In fiscal year 2016 we generated $285 million of net cash from operating activities, a $132 million increase from fiscal year 2015. Approximately $18 million of this increase resulted from the 3M patent litigation award received during the second quarter of fiscal 2016. The remaining improvement in operating cash generation was primarily the result of our ongoing focus on optimizing the components of working capital by employing several Lean techniques. For example, we lowered inventory $37 million from year-end 2015 while maintaining the same strong delivery and service levels to our aftermarket customers, and we lowered accounts receivable by $33 million as we successfully reduced past due customer balances while concurrently benefiting from a $6 million year-over-year reduction in bad debt expense.

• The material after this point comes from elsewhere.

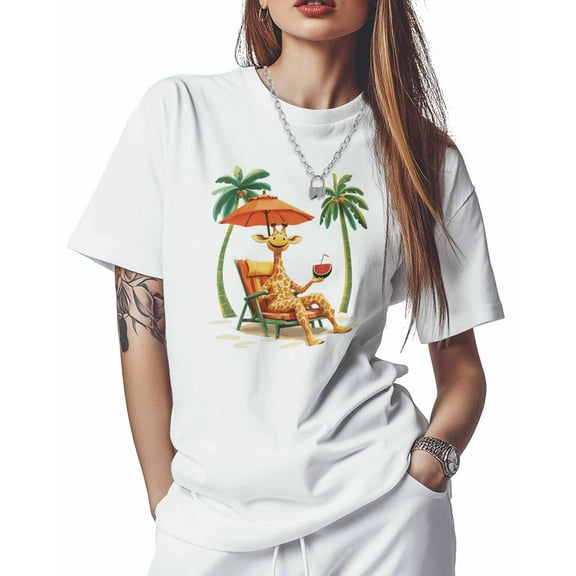T Shirts for Women Short Sleeve Cotton Crewneck T-Shirt, Cartoon Giraffe Watermelon Vacation Tee Tops Casual Basic T-Shirts, XS-5XL White L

Pending Parker-Hannifin Transaction

On December 1, 2016, CLARCOR Inc. (the “Company”) entered into an Agreement and Plan of Merger with Parker-Hannifin Corporation (“Parker-Hannifin”) and Parker Eagle Corporation, a wholly owned subsidiary of Parker-Hannifin (“Merger Sub”), pursuant to which, upon the closing of the merger, Merger Sub will cease to exist, and the Company will survive as a wholly owned subsidiary of Parker-Hannifin (the “pending Parker-Hannifin transaction”). Upon the closing of this merger, each share of the Company’s common stock, par value $1.00 per share (other than treasury stock and any shares of the Company’s common stock owned by the Company, Parker-Hannifin, Merger Sub, any of their wholly owned subsidiaries, or any person who properly demands statutory appraisal of their shares) will be converted into the right to receive an amount in cash equal to $83.00 without interest. Upon the completion of the merger, the Company’s common stock will no longer be publicly traded and will be delisted from the New York Stock Exchange.

The pending Parker-Hannifin transaction is subject to customary closing conditions, including approval of the merger by the Company’s stockholders and receipt of applicable regulatory approvals.

Conference Call Information/Guidance

In light of the pending Parker-Hannifin transaction, the Company is not holding a conference call in connection with this earnings release and is not providing 2017 guidance in connection with this earnings release.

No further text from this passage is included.